» **Goal of the exercise**
Only these lines of the data below are wanted: the one with "Apartment of 120sqm", the one with "2006 Toyota Tacoma", and any lines between them, each repeated exactly.

» **Data supplied**
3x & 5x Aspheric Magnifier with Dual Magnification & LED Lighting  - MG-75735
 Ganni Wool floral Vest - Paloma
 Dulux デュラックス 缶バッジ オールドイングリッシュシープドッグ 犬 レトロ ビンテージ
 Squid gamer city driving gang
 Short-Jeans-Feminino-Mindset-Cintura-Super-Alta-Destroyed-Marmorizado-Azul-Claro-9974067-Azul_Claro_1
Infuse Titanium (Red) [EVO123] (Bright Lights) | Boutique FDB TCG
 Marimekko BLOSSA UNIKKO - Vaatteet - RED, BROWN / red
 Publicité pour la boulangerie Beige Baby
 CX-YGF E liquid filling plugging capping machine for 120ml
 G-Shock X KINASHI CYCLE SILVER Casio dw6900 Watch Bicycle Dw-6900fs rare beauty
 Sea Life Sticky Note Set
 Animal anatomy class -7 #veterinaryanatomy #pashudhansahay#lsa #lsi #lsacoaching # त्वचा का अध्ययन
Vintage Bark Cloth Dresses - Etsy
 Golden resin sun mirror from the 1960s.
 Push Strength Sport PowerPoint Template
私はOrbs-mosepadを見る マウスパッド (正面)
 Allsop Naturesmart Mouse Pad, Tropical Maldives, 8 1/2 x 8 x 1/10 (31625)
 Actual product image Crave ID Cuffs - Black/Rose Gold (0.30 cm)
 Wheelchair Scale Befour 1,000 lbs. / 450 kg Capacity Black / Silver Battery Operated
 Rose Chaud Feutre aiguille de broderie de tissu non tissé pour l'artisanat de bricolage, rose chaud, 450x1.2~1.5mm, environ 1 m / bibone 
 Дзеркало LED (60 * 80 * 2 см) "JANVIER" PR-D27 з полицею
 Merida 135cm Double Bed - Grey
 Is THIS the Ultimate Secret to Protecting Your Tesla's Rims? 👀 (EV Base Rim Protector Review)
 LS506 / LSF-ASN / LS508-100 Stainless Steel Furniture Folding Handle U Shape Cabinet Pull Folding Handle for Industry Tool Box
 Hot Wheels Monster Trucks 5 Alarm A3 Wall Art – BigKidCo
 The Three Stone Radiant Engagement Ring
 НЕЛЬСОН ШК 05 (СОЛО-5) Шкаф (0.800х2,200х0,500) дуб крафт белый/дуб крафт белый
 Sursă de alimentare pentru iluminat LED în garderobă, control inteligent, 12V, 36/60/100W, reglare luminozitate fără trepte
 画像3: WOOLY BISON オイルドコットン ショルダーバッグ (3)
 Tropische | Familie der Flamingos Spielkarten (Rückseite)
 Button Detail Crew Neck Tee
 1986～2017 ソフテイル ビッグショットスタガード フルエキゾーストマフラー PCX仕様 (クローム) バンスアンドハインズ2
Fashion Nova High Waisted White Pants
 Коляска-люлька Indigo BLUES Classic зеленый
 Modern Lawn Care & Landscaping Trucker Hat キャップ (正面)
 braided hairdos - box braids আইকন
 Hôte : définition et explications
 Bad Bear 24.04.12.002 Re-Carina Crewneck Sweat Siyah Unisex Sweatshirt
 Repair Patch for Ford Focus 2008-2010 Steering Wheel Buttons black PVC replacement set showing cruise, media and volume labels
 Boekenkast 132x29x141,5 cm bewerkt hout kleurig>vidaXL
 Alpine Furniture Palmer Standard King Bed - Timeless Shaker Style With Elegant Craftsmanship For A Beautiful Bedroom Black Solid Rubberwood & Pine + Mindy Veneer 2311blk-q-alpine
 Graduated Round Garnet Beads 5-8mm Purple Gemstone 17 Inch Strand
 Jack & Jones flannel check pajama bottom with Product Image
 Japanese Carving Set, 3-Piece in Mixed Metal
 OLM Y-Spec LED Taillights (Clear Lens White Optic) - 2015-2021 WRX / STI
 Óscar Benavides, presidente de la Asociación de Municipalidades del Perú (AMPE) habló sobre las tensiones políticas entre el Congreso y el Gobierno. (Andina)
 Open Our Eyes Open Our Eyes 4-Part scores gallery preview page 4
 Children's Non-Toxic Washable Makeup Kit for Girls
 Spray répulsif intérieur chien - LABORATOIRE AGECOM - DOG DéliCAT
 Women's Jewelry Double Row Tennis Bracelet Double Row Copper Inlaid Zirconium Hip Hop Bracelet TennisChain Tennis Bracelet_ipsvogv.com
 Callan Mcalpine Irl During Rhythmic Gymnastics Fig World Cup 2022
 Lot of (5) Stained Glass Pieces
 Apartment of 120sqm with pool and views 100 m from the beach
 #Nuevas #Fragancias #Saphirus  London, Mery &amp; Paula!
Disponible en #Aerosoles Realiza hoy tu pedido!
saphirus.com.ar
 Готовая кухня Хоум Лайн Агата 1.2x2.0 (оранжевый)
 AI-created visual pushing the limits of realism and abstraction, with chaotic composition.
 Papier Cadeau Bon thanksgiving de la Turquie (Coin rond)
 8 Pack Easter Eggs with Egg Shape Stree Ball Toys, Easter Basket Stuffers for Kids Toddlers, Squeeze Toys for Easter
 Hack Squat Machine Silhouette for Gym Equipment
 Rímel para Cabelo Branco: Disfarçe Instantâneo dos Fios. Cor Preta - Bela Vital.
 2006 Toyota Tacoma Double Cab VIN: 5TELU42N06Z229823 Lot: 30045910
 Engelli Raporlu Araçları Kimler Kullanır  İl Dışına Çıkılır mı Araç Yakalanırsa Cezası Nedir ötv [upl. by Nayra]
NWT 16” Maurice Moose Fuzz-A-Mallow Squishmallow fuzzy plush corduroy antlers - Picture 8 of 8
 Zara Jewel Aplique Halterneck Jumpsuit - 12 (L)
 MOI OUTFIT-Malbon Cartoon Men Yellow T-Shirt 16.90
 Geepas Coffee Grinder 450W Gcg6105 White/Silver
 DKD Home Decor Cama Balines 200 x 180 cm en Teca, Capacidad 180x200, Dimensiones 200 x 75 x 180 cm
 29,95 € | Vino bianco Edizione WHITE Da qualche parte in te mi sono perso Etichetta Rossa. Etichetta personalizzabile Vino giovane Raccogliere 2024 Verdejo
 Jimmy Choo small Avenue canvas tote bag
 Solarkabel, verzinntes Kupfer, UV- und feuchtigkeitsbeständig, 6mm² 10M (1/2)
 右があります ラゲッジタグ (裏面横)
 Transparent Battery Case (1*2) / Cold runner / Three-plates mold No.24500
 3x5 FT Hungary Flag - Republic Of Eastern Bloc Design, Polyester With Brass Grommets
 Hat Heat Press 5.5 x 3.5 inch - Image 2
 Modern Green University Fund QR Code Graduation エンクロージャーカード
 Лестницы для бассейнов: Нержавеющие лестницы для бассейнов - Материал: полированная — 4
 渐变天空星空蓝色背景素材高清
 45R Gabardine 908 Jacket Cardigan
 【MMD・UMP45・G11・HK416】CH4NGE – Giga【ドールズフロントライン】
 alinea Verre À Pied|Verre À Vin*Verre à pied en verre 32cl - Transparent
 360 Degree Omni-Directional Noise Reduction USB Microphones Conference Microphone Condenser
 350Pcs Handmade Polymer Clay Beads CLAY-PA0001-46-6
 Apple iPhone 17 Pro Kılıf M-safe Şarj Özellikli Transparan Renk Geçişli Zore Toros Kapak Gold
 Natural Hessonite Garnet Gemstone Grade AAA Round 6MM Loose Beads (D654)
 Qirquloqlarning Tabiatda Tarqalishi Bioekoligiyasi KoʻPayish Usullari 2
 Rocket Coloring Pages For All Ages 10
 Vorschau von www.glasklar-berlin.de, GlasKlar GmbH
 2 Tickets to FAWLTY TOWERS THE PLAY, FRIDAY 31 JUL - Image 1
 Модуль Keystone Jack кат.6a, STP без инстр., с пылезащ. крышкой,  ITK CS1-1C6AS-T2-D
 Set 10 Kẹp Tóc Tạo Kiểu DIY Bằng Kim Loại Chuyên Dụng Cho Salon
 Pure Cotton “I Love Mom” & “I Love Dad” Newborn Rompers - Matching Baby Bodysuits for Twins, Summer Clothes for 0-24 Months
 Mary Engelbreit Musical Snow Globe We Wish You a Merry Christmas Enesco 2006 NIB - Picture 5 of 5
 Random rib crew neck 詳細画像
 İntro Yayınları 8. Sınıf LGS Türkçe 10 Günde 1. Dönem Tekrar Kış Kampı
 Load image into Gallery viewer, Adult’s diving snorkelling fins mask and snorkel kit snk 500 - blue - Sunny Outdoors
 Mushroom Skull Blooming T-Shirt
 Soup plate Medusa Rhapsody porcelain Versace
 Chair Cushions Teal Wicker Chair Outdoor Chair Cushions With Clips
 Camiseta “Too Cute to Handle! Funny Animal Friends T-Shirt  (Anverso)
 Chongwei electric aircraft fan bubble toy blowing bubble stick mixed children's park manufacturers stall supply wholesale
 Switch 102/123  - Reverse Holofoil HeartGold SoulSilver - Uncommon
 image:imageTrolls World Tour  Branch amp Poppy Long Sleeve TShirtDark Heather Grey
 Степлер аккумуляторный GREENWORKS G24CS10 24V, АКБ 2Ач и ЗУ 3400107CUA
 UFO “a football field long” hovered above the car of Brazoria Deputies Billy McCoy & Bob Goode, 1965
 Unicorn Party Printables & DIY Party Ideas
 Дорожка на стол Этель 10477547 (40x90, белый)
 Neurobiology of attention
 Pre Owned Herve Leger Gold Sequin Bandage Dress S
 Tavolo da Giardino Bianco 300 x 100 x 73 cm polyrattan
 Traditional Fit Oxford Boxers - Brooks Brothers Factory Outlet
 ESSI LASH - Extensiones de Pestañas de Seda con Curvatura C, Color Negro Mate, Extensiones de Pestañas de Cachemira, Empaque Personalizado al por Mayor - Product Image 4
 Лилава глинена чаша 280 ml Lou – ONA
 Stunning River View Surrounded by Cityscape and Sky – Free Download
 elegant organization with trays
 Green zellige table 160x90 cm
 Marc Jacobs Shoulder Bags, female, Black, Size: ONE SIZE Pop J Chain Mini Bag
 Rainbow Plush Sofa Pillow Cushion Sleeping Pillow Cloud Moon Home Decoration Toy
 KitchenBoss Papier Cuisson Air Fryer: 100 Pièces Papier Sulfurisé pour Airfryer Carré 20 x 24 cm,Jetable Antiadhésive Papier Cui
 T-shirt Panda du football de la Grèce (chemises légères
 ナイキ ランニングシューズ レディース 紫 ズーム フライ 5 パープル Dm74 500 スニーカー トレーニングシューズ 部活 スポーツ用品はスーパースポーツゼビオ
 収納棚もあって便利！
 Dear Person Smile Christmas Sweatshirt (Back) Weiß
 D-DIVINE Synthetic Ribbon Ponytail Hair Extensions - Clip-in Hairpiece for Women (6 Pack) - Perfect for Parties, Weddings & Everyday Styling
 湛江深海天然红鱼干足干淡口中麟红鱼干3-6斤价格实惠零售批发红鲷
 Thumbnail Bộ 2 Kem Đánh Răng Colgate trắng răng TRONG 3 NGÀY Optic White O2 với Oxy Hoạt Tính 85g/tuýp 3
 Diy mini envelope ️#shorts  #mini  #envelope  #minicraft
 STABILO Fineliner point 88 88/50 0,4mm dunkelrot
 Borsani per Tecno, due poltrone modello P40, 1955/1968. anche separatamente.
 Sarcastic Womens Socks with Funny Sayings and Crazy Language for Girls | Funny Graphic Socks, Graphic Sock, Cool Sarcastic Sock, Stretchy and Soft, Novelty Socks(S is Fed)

» **Exercise solution**
 Apartment of 120sqm with pool and views 100 m from the beach
 #Nuevas #Fragancias #Saphirus  London, Mery &amp; Paula!
Disponible en #Aerosoles Realiza hoy tu pedido!
saphirus.com.ar
 Готовая кухня Хоум Лайн Агата 1.2x2.0 (оранжевый)
 AI-created visual pushing the limits of realism and abstraction, with chaotic composition.
 Papier Cadeau Bon thanksgiving de la Turquie (Coin rond)
 8 Pack Easter Eggs with Egg Shape Stree Ball Toys, Easter Basket Stuffers for Kids Toddlers, Squeeze Toys for Easter
 Hack Squat Machine Silhouette for Gym Equipment
 Rímel para Cabelo Branco: Disfarçe Instantâneo dos Fios. Cor Preta - Bela Vital.
 2006 Toyota Tacoma Double Cab VIN: 5TELU42N06Z229823 Lot: 30045910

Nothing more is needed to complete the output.